I use a set of earphones I bought at Radio Shack years ago. They are stereo with a volume control on the cord. It plugs into any device I am using. The cord doesn't bother me at all. I have taken them on many vacations and on the plane I use the sound buffering which helps some but doesn't totally cancel the outside noise. I think I paid $79.00 for them which was a good price for what I got. While I was testing out the Fire, I used them and the stereo sound was excellent. Not too good out of the speakers but the earphones made a big difference.


----------



## Jesslyn (Oct 29, 2008)

THANK YOU ALL! You've talked me off the ledge. 

A coworker also pointed me to this dongle since I already have some great bluetooth headphones. Since I will be purchasing from Amazon, I am calling CS now to see if the dongle is compatible.


----------



## ellesu (Feb 19, 2009)

Ann in Arlington said:


> I'm going to put my son on this mission for me when he gets home tomorrow: got to be comfortable and have a volume control, and blue tooth would be nice so there's no wire. I'm sure he'll be able to find just the thing.
> 
> And when he does I'll share with y'all.

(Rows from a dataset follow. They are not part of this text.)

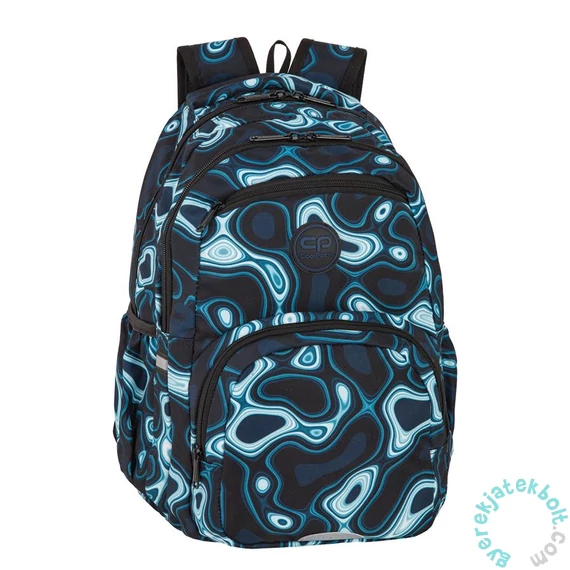 Coolpack - Pick Sapphire iskolatáska, hátizsák - 2 rekeszes (F099889)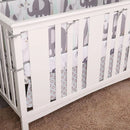 Protetor de Berço BabyGuard™ 4 Peças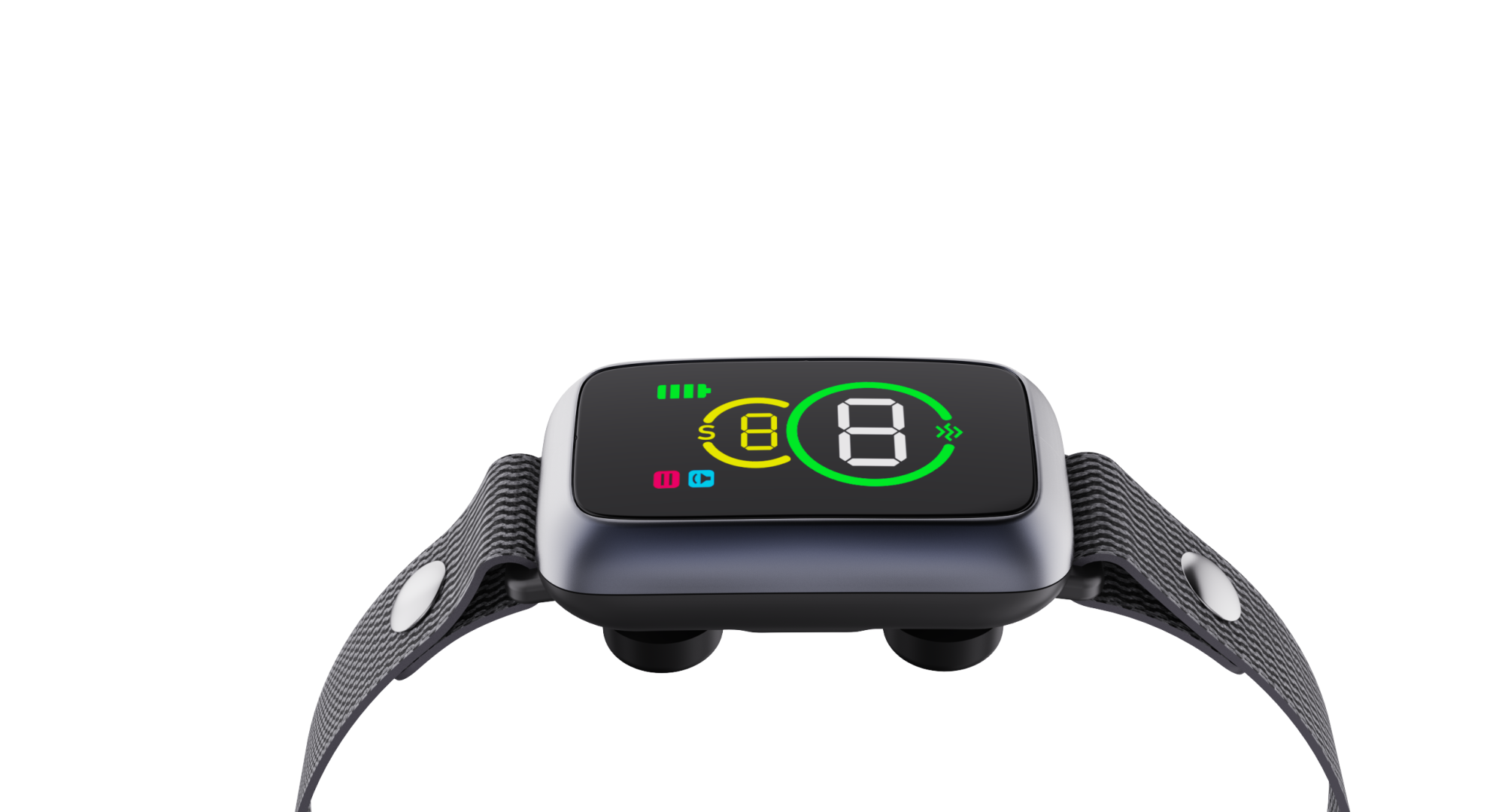 PTC11 Vibrate Only Bark Smart Collar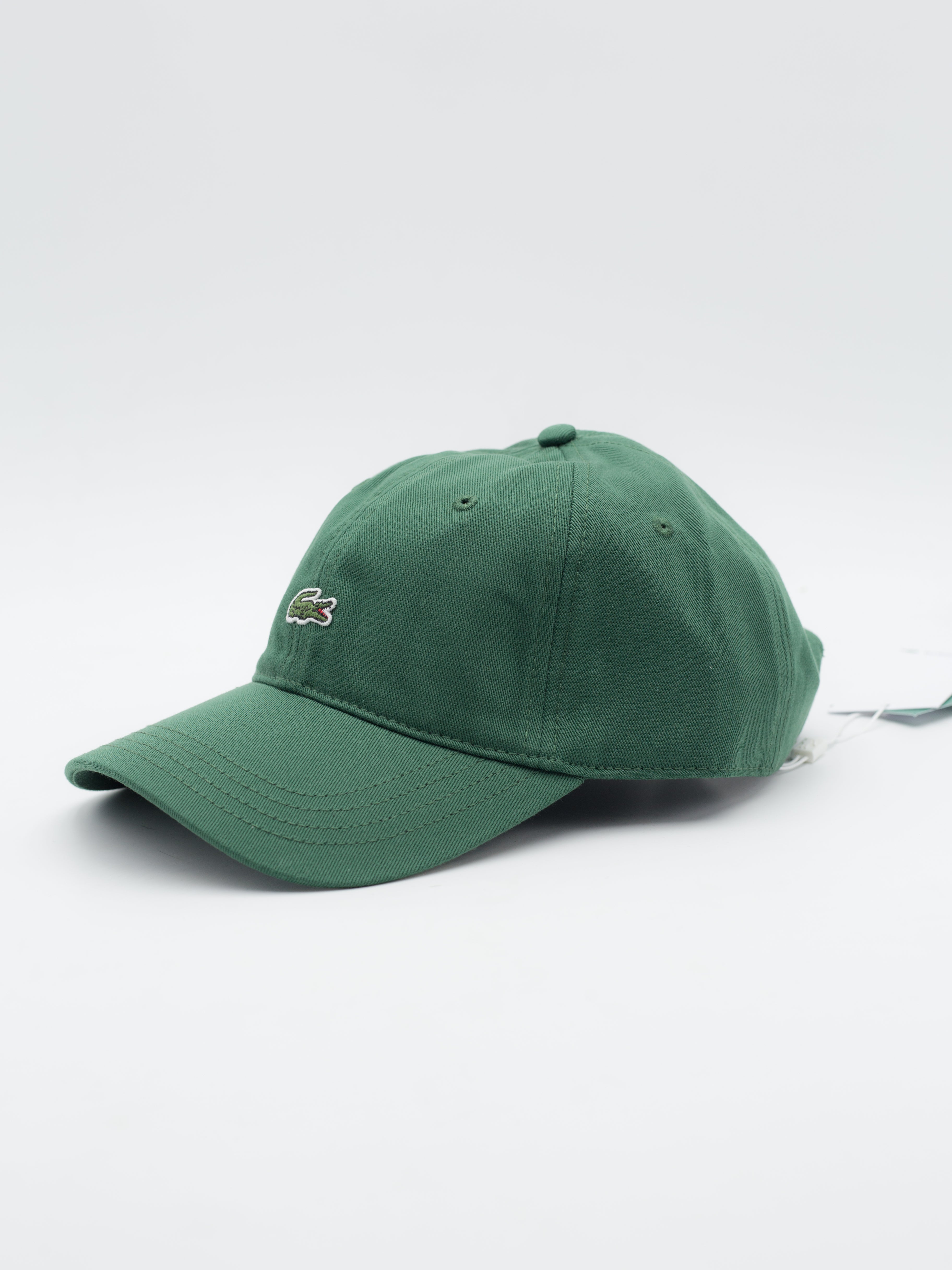 Classic Sport Cap Frontal Green
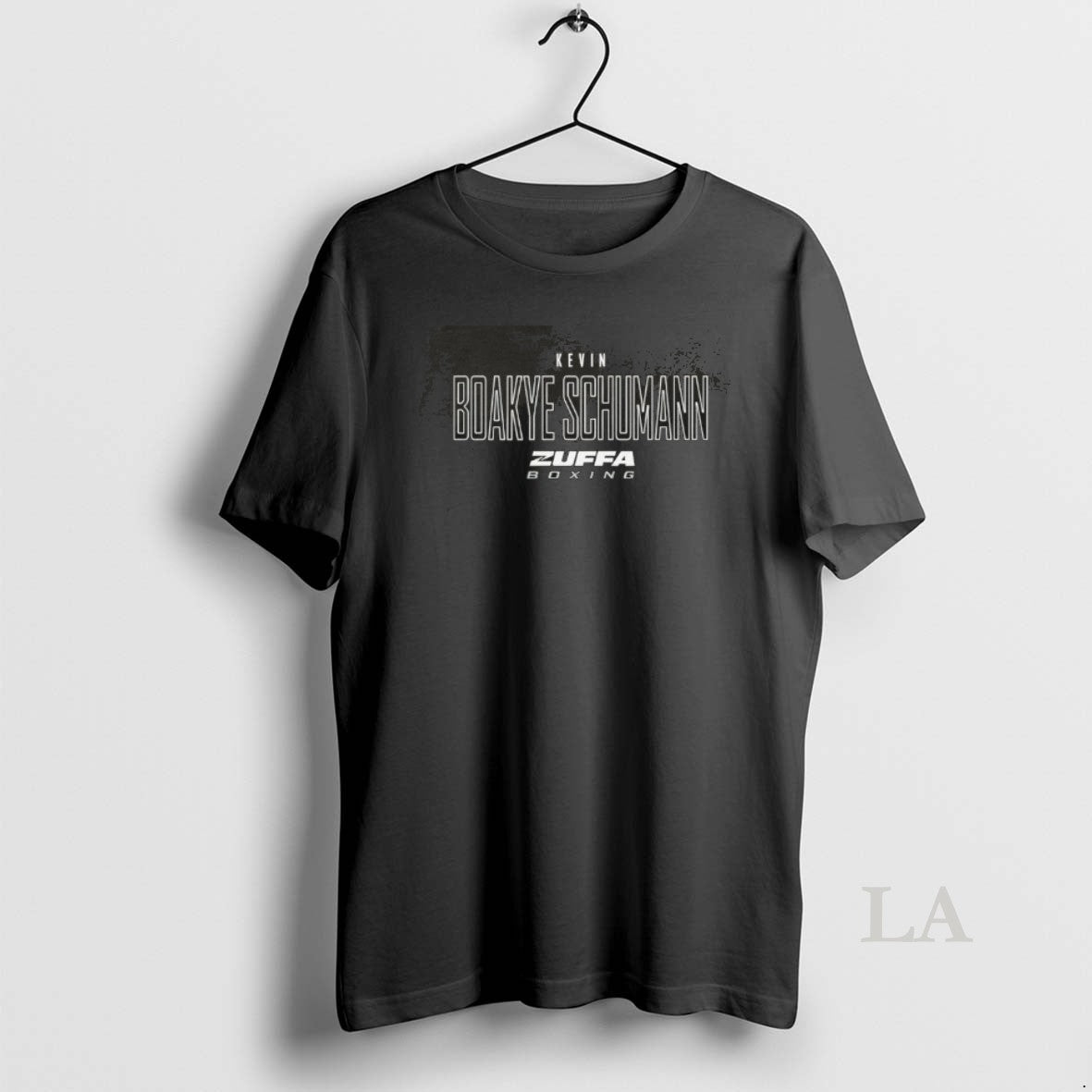 Original Kevin Boakye Schumann Zuffa Boxing Elite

Tell him several of us are anxiously awaiting his opinion - OH! Also tell him Thanks! and Happy Thanksgiving!  Sons can be very useful - unfortunately, mine are on opposite coasts for the time being (and I'm in the middle).

If all this good info on how to modify the Fire keeps up, we're not gonna be in the market when the _new, improved_ model hits the market....


----------



## Carol Collett (Oct 4, 2009)

Jesslyn said:


> THANK YOU ALL! You've talked me off the ledge.
> 
> A coworker also pointed me to this dongle since I already have some great bluetooth headphones. Since I will be purchasing from Amazon, I am calling CS now to see if the dongle is compatible.

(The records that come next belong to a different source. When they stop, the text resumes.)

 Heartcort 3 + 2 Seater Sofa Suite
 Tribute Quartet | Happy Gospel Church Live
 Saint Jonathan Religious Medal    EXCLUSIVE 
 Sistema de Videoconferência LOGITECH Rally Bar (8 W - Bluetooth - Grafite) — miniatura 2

Oh, please let us know what you find out. That's a really good price. If it works, I'm getting one too. Have some bt headphones I love that are only a few months old.


----------



## trastan (Nov 14, 2011)

Jesslyn said:


> THANK YOU ALL! You've talked me off the ledge.
> 
> A coworker also pointed me to this dongle since I already have some great bluetooth headphones. Since I will be purchasing from Amazon, I am calling CS now to see if the dongle is compatible.

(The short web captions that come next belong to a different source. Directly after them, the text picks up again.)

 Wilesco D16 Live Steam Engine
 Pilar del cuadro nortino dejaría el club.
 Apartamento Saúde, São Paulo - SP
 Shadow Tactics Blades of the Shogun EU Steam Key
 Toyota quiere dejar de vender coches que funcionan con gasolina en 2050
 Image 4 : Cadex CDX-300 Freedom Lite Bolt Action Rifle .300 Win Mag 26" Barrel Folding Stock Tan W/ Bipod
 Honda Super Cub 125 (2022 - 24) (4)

Though there's a slight possibility that it will work (very, very slight), you would need a USB > micro USB adapter just to be able to plug it into the Fire. Since it's not designed to host USB devices, even if you were to go that far, you would almost certainly have no success.

Unfortunately, your best bet for Bluetooth sound is going to be something along the lines of Betsy's dongle, where it's a battery-powered device connected to the Fire's headphone jack.


----------



## teri (Sep 13, 2010)

I think you are correct, the dongle won't work.  Since the Fire doesn't have a USB there is nothing to plug that into.  I have one on my computer for headphones and for the life of me I can't figure out how we could get one to work for the Fire.  I want to find one like Betsy's.


----------



## Jesslyn (Oct 29, 2008)

teri said:


> I think you are correct, the dongle won't work. Since the Fire doesn't have a USB there is nothing to plug that into. I have one on my computer for headphones and for the life of me I can't figure out how we could get one to work for the Fire. I want to find one like Betsy's.


Correct. I found a smaller one that I think will work for me. It comes in white and black
Robust 3.5mm Universal Bluetooth Wireless Stereo Music Audio Transmitter for iPod/iPhone/iPad/iTouch, Tablets, SONY PSP, Nintendo DS, MP3/MP4, PCs, PDAs, any 3.5mm Jack Device


----------